BALNet: Deep Learning-Based Detection and Measurement of Broad Absorption Lines in Quasar Spectra
Yangyang Li, Zhijian Luo, Shaohua Zhang, Du Wang, Jianzhen Chen, Zhu Chen, Hubing Xiao, Chenggang Shu
TL;DR
BALNet addresses the scalability challenge of BAL trough detection and velocity measurement in large quasar spectroscopic surveys by combining a 1D‑CNN with Bi‑LSTM to detect BAL troughs and extract their kinematic properties directly from spectra. The model is trained on a large, carefully constructed mock dataset derived from SDSS DR16Q, enabling simultaneous BAL quasar classification and trough velocity estimation. On simulated data, BALNet achieves robust performance (BAL trough detection: ~83% completeness, ~90.7% purity; BAL quasar identification: ~90.8% completeness, ~94.4% purity; velocity metrics with f_out ~9%, σ_NMAD < 0.03, bias < 1e−5) and a high AU‑PRC (~0.92). Applied to 446{,}839 DR16Q spectra (1.5 ≤ z ≤ 5.7), BALNet identifies 91{,}164 BAL quasars (20.4% of the sample), including 25{,}123 newly detected BAL quasars and 8.8% redshifted troughs, demonstrating significant gains in detection efficiency and the ability to map BAL populations across wide velocity ranges. The work also provides public code and catalogs, enabling broader studies of quasar outflows and their evolution.
Abstract
Broad absorption line (BAL) quasars serve as critical probes for understanding active galactic nucleus (AGN) outflows, black hole accretion, and cosmic evolution. To address the limitations of manual classification in large-scale spectroscopic surveys - where the number of quasar spectra is growing exponentially - we propose BALNet, a deep learning approach consisting of a one-dimensional convolutional neural network (1D-CNN) and bidirectional long short-term memory (Bi-LSTM) networks to automatically detect BAL troughs in quasar spectra. BALNet enables both the identification of BAL quasars and the measurement of their BAL troughs. We construct a simulated dataset for training and testing by combining non-BAL quasar spectra and BAL troughs, both derived from SDSS DR16 observations.
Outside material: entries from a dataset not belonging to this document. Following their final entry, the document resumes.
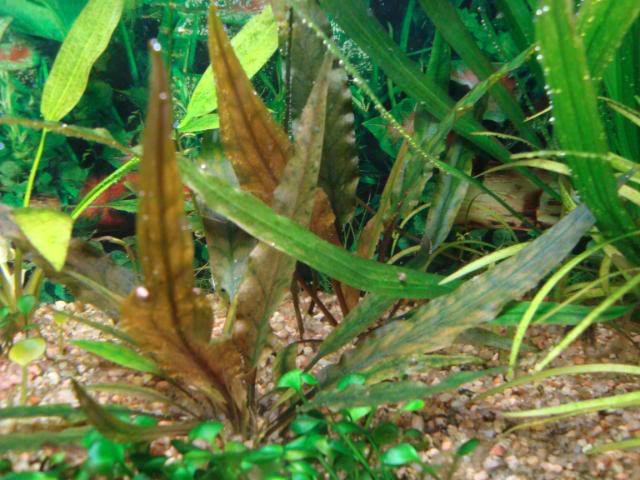 (FICHA) : Cryptocoryne wendtii Brown DSC01800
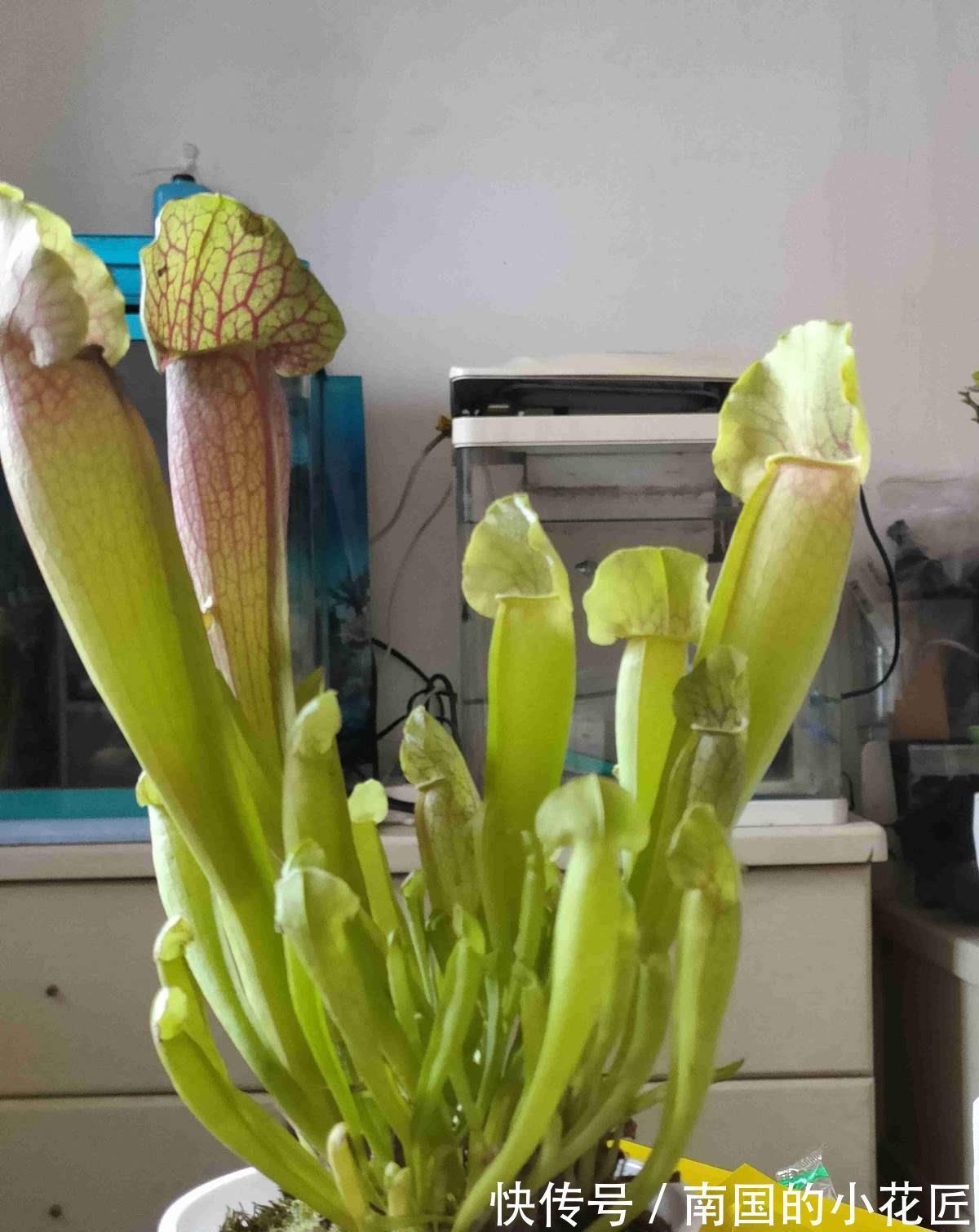 猪笼草|4种食虫植物特有趣，养在家里能灭蚊，孩子们都喜欢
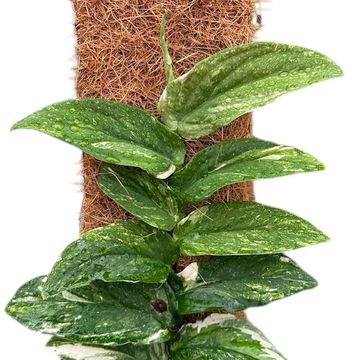 Rhaphidophora korthalsii 'Variegata'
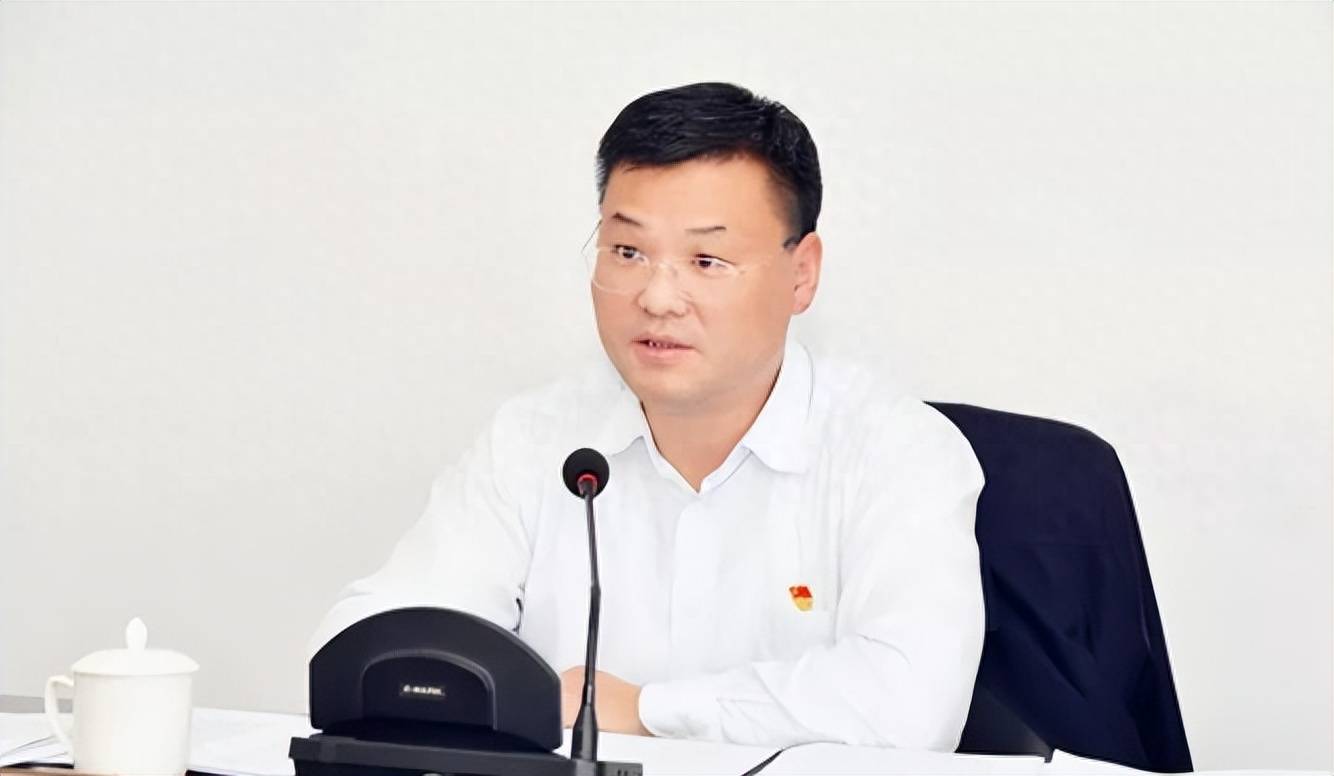 "70后"的她任直辖市区长_魏东_上海市_王靖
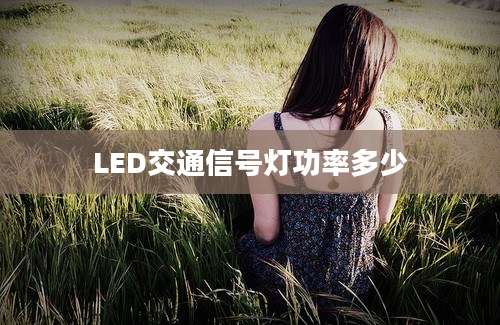 LED交通信号灯功率多少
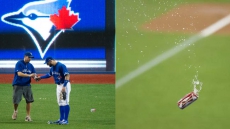 After Debris-Tossing Incident, Blue Jays Not Selling Beer In Cans In Top Level Of Rogers Centre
Experimental results in the testing set show that: (1) BAL trough detection achieves 83.0% completeness, 90.7% purity, and an F1-score of 86.7%; (2) BAL quasar classification achieves 90.8% completeness and 94.4% purity; (3) the predicted BAL velocities agree closely with simulated ground truth labels, confirming BALNet's robustness and accuracy. When applied to the SDSS DR16 data within the redshift range 1.5<z<5.7, at least one BAL trough is detected in 20.4% of spectra. Notably, more than a quarter of these are newly identified sources with significant absorption, 8.8% correspond to redshifted systems, and some narrow/weak absorption features were missed. BALNet greatly improves the efficiency of large-scale BAL trough detection and enables more effective scientific analysis of quasar spectra.